Jeff Bezos’ 4 Systems for Scaling an Ecommerce Brand in 2020

How to Grow Your E-commerce Business

In his 1997 letter to shareholders, Jeff Bezos said:

“We dramatically lowered prices, further increasing customer value. Word of mouth remains the most powerful customer acquisition tool we have, and we are grateful for the trust our customers have placed in us.

Repeat purchases and word of mouth have combined to make the market leader in online bookselling.”

Over 20 years later, this strategy holds true.   

Attract customers, deliver value that keeps them coming back, increase order value by expanding options and convenience, and develop the most powerful logistics machine in the world.  

The challenge that many merchants face is unlocking sustained growth. How can you make smarter investments to grow your business both now and in the future?  

We assembled an all-star cast of e-commerce experts to create a universal overview that helps you increase your revenue in a scalable manner.  

In this discussion, we hear from Dan Murphy of Privy, Divya Mohan of Stream Commerce, Amit Bivas of Optimove, and Nick Cook of Verbal+Visual.  

Revenue in online retail is generated by these fundamental aspects: 

This framework allows you to continually expand your customer base and build loyalty among these shoppers – essentially mechanizing profitable growth.  

Customer Acquisition

Customer acquisition has almost become ubiquitous with revenue growth.  

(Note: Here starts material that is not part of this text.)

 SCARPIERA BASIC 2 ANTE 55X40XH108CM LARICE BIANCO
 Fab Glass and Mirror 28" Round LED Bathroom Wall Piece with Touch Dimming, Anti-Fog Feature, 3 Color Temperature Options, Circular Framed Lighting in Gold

Customer acquisition consists of finding new prospects, bringing them to your site, and converting them into purchasing customers. It’s the primary way companies expand their customer base, and it’s critical for avoiding stagnation.  

As Divya Mohan emphasizes, customer acquisition is a continual process. To appeal to potential new customers, you must understand them first.  

But, in e-commerce, acquiring new shoppers can be much easier said than done

D2C brands must contend with the e-commerce giants like Amazon and and with one another. As a result, customer acquisition costs have continued to soar in recent years.  

Dan Murphy highlights that many businesses can’t afford to pour money into advertising and hope for the best. He states the importance of investments, both in terms of money and attention, in the brand experience itself.  

This approach will take time, but having a distinct brand is central to success in e-commerce.  

The purpose of establishing a brand is to give shoppers a reason to buy from you. You shape your brand with your story, mission, value proposition, and the experiences you create.  

Invest in a functional and good-looking website. Develop the story you want to portray – its sincerity will resonate with your visitors.  

But as we know, it’s not enough to simply resonate with shoppers. We ultimately want them to convert to paying customers.  

Tools like Privy were designed with this objective in mind. When a new shopper visits your site, you want to excite them, engage them, and give them a reason to either revisit soon or convert at that time.  

Divya and her team leverage this power to help clients grow their customer base. She specifies that the nature of customer interaction can make a big difference.  

New visitors don’t particularly want to feel like you’re selling to them – they would much rather feel like you’re talking to them.  

This is the premise of conversational marketing.  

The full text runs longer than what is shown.